Deyv shouted their names until Jum came bouncing in, tail wagging, and, slavering, had swarmed all over him. The cat slunk in, not trusting the Tsimmanbul. Once she was assured that she was safe, she leaped, fawning upon Vana. Deyv's jealousy was only slightly diminished when she came to him afterward and leaned rumbling against his leg.

The lessons continued with, by now, all of Deyv's party except the blind witch and Fat Bull taking turns as teachers. Phemropit didn't tire; he apparently could store information and retrieve it as if he were a machine. He also learned, after the fourth sleep-time, that his light beam would penetrate the flesh of its teachers. He at once softened the beam so that it would only warm their skins.

Once it was time for him to learn abstractions, however, he began having trouble understanding. The concept of sex was for the moment beyond him. He didn't grasp how his interrogators ate or the reason why. He also had trouble comprehending the idea of individuation.

"It will understand these in time," Sloosh said. "But they are not in its experience, and so it just can't visualize or feel them. I refer to Phemropit as it, not him, since it has no sex."

Another series of earth shocks struck the camp. The crack in the beach widened. Some of the trees on the slope toppled over. The huts and the log cabin were tumbled. Sometime afterward a giant wave roared in from the lake, and it and those that followed washed away the earth from beneath the fallen tree. It floated away, leaving the god-thing with its rear hanging over a six-foot-high cliff.

Sloosh asked Phemropit if it could move higher up.

It replied that it could, but it didn't want to unless it was absolutely necessary. The energy required to do this would take too much of its fuel supply. As it was, the lessons, though not drawing on much of its energy, did weaken it. Sloosh didn't understand its explanation fully, but he thought that the thing would have to go into a suspended animation soon. That is, unless it could be provided with the stuff which provided its energy.

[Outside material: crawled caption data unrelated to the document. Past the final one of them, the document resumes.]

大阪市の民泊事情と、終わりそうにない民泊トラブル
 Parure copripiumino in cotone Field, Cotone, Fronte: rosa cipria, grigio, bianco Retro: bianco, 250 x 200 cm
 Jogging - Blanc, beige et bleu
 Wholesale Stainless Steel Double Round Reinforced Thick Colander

"It's been in a sort of hibernation, if I may use a biological analog," the plant-man said. "Then, some human generations ago, it decided to make an effort to force its way up from burial. It did so, but the effort took a lot of its limited fuel. I think that it eats rock which contains radioactive elements. I've explained what these are to you, though none of you seem to understand them."

He looked at them, then said, "If it runs out of the elements needed, it dies. In a sense, that is. It could stay dead for a very long time, yet would have the potential for coming alive again as long as its metalstone body wasn't badly damaged."

Deyv said, "What happens if its energy does run out now? Won't Fat Bull consider that he doesn't have to keep his promise? He won't have much use for a dead, or at least sleeping, god."